# EXERCISE PROMPT
Retype every line from the start of the data down to and including the line with "Volkswagen Touareg 2023 photo 2". Skip the pictures.
╭─ SUPPLIED DATA
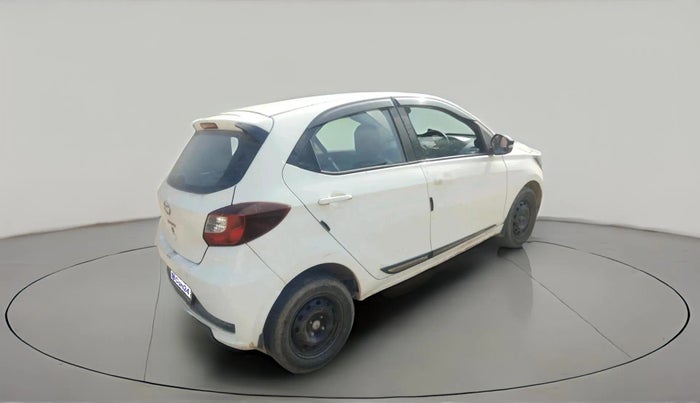 2022 Tata Tiago XT CNG, CNG, Manual, 40,290 km, exterior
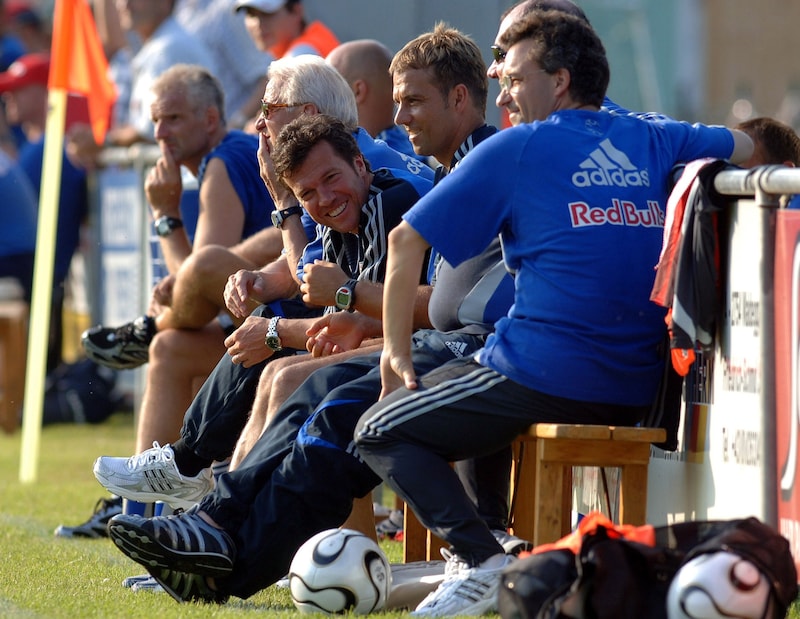 Hansi Flick sorgte auch auf der Salzburger Bank für gute Stimmung. (Bild: GEPA pictures)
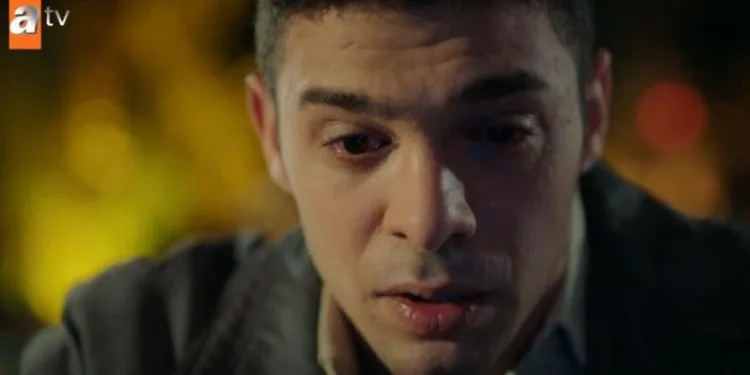 ¿Cuál es la razón por la que Halit Özgür Sarı dejó la serie de televisión Kardeşlerim?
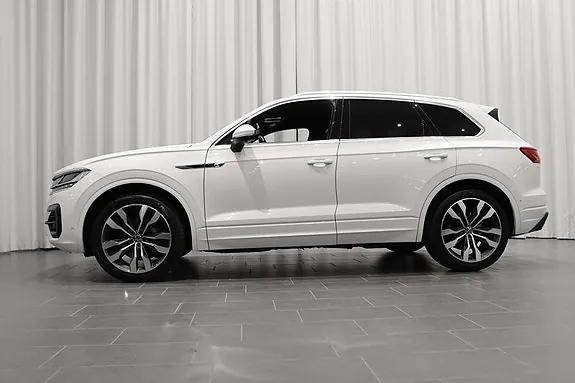 Volkswagen Touareg 2023 photo 2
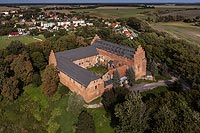 Zamek w Barcianach - Zdjęcie lotnicze, fot. ZeroJeden, IX 2021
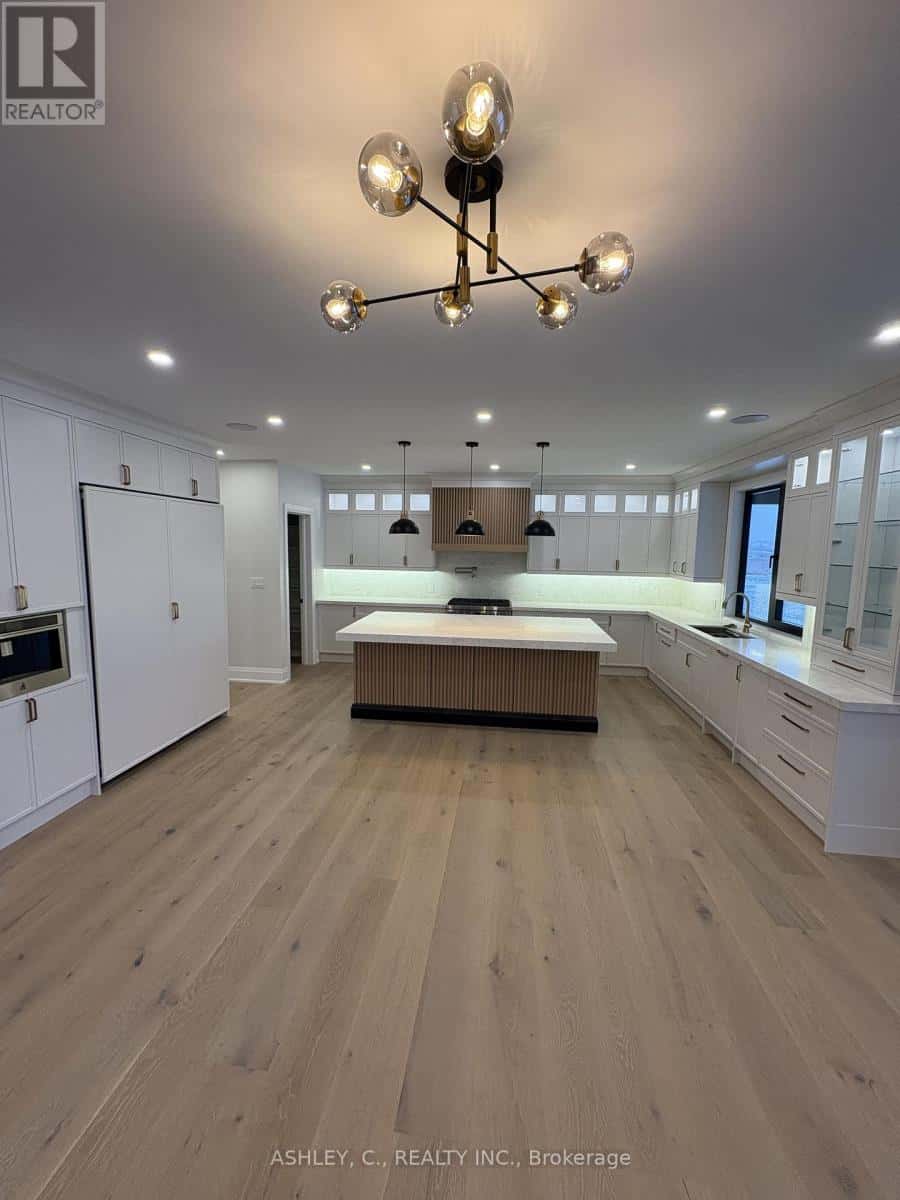 256 MOUNTAIN ROAD — Grimsby (Grimsby Escarpment), Ontario - Photo 5 of 32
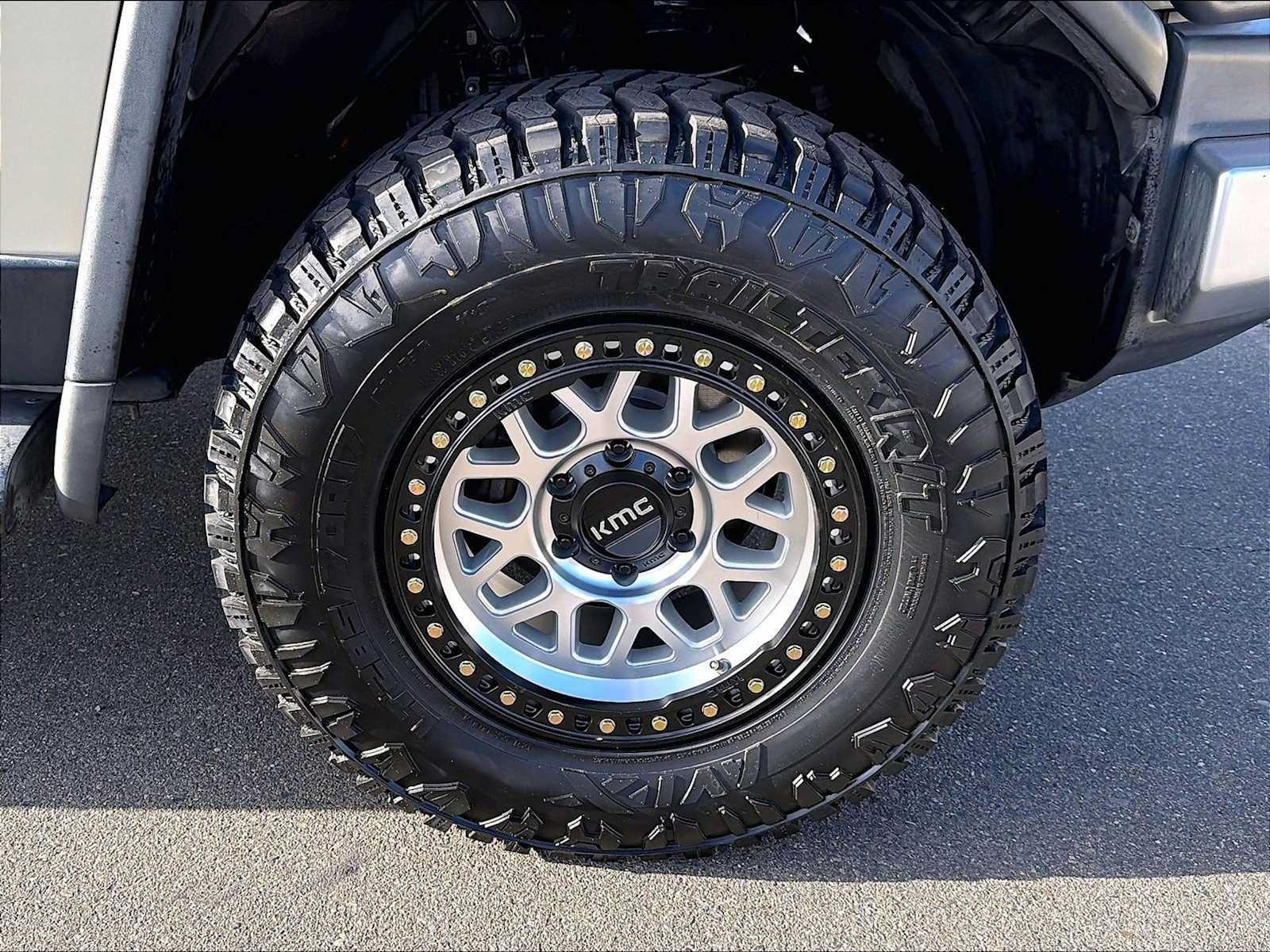 Used 2008 Toyota FJ Cruiser 4WD w/ Upgrade Pkg 2 image 11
╰─
# OUTPUT FOR THIS TASK
 2022 Tata Tiago XT CNG, CNG, Manual, 40,290 km, exterior
 Hansi Flick sorgte auch auf der Salzburger Bank für gute Stimmung. (Bild: GEPA pictures)
 ¿Cuál es la razón por la que Halit Özgür Sarı dejó la serie de televisión Kardeşlerim?
 Volkswagen Touareg 2023 photo 2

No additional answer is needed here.